‘Under God’
stays in Pledge of Allegiance, at least for now
By John W. Kennedy
(8/8/04)
Various proponents and opponents
of religion in the public square are disappointed that the U.S. Supreme Court
ruling on Flag Day sidestepped the issue of whether the phrase “under
God” is constitutional in the Pledge of Allegiance.
Outspoken atheist Michael A. Newdow
sued the Elk Grove (Calif.) Unified School District in 2000, claiming that
listening to the “daily indoctrination” of “religious dogma”
injured his impressionable daughter, then a kindergartener.
Instead of addressing the main
issue, five of the justices determined that Newdow lacked standing on a technicality:
The girl’s mother had “exclusive legal custody,” entitling
her to make all educational decisions. If Newdow wants to indoctrinate his
daughter with his views he can do so at home when he has custody, Justice
John Paul Stevens implied in the majority opinion.
Three other justices wrote concurring
opinions that the case should be dismissed, not because Newdow lacked standing
but because the pledge is indeed legal.
Sacramento attorney Terence J.
Cassidy, who represented the school district in the case, spent much of his
oral arguments in March noting that mother Sandra Benning had legal custody
and the right to decide whether the child heard the pledge in school. Benning,
who is a born-again Christian, told justices that her daughter volunteered
to lead the pledge in her fourth-grade classroom.

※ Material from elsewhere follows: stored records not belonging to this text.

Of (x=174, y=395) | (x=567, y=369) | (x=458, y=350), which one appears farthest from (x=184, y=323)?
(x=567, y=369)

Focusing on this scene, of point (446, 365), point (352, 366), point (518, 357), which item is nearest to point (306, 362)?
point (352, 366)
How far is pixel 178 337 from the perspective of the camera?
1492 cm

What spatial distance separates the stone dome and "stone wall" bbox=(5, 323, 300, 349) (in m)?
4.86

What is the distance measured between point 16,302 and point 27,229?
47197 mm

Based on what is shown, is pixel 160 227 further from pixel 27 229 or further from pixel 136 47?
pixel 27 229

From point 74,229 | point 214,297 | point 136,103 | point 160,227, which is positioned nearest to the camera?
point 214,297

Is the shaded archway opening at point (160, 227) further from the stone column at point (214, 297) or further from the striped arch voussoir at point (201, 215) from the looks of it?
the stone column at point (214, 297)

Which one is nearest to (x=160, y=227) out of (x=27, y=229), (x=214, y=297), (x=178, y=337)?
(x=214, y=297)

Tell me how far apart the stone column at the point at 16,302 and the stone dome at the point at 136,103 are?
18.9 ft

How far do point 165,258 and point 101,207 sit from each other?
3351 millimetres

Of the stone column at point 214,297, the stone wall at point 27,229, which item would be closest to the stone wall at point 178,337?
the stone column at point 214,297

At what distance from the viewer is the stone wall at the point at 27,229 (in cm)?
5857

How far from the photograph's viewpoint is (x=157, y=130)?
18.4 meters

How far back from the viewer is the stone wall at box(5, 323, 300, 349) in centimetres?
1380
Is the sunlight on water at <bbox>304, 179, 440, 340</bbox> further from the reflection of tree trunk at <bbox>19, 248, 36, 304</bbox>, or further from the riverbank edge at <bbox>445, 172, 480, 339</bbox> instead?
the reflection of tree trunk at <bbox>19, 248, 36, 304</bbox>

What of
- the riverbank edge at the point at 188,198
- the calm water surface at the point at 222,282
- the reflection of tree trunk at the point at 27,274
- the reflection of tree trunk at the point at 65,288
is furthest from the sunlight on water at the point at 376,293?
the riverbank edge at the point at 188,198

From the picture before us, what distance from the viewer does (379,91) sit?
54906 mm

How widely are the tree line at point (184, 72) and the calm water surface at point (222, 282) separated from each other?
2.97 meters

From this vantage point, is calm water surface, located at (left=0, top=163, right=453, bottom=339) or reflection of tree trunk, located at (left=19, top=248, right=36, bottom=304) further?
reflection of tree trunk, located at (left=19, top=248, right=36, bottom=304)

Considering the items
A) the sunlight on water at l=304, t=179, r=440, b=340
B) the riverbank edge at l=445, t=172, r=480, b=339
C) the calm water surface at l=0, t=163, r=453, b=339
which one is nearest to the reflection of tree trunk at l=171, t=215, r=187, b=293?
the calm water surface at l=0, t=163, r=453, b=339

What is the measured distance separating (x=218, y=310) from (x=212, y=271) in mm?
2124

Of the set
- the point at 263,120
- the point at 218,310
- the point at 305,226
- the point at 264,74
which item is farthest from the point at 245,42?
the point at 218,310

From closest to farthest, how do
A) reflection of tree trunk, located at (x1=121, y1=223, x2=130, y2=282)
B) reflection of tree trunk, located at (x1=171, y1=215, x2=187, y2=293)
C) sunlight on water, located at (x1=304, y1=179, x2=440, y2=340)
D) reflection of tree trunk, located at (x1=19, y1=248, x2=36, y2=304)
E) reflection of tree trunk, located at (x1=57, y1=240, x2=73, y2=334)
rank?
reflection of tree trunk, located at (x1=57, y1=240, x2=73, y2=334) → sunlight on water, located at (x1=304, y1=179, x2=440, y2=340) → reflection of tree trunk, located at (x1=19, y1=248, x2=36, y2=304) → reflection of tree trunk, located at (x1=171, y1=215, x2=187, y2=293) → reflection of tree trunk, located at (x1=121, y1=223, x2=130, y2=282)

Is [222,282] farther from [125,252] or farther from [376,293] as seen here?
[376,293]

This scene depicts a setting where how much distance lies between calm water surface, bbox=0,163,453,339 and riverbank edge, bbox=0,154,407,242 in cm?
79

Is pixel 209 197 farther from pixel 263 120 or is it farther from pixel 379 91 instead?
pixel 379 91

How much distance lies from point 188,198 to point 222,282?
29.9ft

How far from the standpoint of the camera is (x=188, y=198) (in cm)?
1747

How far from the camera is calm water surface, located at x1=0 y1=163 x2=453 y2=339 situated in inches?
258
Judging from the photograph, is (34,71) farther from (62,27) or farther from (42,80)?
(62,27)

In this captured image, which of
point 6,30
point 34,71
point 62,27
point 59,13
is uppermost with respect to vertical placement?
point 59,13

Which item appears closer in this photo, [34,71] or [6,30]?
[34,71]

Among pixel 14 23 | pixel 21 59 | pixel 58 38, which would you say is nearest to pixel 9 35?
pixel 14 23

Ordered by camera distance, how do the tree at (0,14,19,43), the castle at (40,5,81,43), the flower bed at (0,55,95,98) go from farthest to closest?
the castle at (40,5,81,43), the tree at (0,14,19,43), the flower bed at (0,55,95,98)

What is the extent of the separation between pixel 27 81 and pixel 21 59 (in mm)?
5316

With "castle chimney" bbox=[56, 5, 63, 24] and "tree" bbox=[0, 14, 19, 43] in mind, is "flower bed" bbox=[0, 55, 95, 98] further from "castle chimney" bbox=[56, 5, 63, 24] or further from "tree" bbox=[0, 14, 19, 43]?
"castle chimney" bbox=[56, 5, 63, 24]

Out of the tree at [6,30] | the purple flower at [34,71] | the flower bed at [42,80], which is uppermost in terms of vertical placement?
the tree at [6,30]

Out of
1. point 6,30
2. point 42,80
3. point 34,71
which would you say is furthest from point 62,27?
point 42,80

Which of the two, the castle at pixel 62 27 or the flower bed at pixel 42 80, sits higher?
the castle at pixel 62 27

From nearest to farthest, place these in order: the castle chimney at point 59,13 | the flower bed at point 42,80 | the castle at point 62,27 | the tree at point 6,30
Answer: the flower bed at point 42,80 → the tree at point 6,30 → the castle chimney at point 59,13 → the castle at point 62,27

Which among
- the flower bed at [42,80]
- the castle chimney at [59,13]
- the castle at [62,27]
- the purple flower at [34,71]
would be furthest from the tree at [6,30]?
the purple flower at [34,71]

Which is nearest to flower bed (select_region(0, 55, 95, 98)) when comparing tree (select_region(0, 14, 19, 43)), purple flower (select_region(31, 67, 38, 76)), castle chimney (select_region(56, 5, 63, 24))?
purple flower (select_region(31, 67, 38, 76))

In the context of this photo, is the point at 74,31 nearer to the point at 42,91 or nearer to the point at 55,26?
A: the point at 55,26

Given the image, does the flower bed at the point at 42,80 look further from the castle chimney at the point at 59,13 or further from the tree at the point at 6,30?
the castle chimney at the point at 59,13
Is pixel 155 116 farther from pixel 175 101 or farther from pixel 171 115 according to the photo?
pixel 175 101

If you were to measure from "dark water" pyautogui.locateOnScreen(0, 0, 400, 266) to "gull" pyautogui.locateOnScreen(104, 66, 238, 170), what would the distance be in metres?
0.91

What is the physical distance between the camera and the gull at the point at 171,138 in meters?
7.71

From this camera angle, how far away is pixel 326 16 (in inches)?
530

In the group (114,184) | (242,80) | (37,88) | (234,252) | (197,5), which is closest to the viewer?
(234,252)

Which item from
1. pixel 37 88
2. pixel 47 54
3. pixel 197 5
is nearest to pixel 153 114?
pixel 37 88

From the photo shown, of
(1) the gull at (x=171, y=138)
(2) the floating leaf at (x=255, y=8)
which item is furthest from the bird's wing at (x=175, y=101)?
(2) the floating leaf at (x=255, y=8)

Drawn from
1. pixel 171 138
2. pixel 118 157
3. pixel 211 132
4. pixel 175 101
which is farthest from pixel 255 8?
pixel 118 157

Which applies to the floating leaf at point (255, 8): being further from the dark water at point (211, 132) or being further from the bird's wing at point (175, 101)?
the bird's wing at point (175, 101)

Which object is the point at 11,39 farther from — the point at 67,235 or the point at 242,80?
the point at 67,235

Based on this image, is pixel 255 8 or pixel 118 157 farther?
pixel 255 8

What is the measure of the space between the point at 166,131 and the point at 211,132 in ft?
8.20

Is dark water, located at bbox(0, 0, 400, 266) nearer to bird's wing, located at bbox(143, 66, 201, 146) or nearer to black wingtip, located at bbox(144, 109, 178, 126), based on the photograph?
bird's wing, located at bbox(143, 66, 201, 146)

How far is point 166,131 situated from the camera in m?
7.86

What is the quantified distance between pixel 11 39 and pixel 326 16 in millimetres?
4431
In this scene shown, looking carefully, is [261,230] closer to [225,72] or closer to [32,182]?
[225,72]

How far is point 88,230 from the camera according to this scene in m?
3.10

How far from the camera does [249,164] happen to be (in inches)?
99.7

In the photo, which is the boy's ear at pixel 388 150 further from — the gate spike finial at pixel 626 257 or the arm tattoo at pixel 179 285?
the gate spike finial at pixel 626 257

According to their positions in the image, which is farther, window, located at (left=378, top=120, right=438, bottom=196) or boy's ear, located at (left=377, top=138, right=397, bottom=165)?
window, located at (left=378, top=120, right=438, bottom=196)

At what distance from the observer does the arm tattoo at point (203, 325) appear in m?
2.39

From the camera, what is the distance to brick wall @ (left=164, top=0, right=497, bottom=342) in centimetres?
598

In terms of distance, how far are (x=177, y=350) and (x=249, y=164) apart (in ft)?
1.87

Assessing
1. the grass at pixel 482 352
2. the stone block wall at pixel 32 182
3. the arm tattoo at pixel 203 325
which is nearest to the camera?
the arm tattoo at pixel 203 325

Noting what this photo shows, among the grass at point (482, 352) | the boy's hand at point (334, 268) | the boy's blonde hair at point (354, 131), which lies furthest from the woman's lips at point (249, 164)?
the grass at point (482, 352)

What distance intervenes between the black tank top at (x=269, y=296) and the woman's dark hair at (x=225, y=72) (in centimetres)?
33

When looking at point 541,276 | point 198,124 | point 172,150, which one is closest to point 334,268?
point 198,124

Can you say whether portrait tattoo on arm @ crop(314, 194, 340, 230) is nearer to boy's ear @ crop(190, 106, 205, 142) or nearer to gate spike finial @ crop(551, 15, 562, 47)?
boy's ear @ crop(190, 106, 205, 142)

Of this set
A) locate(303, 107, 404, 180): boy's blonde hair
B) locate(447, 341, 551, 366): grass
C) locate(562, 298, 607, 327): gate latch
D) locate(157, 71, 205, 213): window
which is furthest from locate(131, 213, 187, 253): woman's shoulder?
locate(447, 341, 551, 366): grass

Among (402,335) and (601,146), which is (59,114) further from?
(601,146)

“The Supreme Court gave us
exactly what we asked for, and that is to dismiss the case on the grounds
that Mr. Newdow lacked standing,” Cassidy told PE Report. “The
court is looking at what is in the best interest of the student, not the parents.”
Newdow and Banning never married.
Christian organizations such as
the American Center for Law and Justice, the Christian Legal Society’s
Center for Law and Religious Freedom, and Concerned Women for America voiced
similar jubilation at the outcome, which reverses a 9th U.S. Circuit Court
of Appeals ruling from 2002. The ban, which impacted nine western states,
had been on hold pending the school district’s appeal to the Supreme
Court.
Yet other Christian groups wanted
a more unequivocal judgment. “You win some, you lose some, and some
get rained out,” says Kevin J. Hasson, president of the Becket Fund
for Religious Freedom in Washington, D.C. “It’s a shame the court
couldn’t unify around the same principle that has been unifying the
rest of us since the Declaration of Independence: Our rights are secure because
they come from a higher authority than the state.” Hasson authored a
friend of the court brief on behalf of the Knights of Columbus, the organization
that urged Congress to add the words “under God” to the recitation
half a century ago.
Family Research Council President
Tony Perkins, Catholic League President William Donohue, Rutherford Institute
founder John W. Whitehead, and American Family Association Center for Law
and Policy chief counsel Stephen Crampton also criticized the court for sidestepping
the real issue.
Focus on the Family founder James
C. Dobson appeared among the most frustrated. “The Supreme Court does
not emerge from this case the defender of America’s moral and Christian
heritage — in fact it showed a lack of principle that is truly appalling,”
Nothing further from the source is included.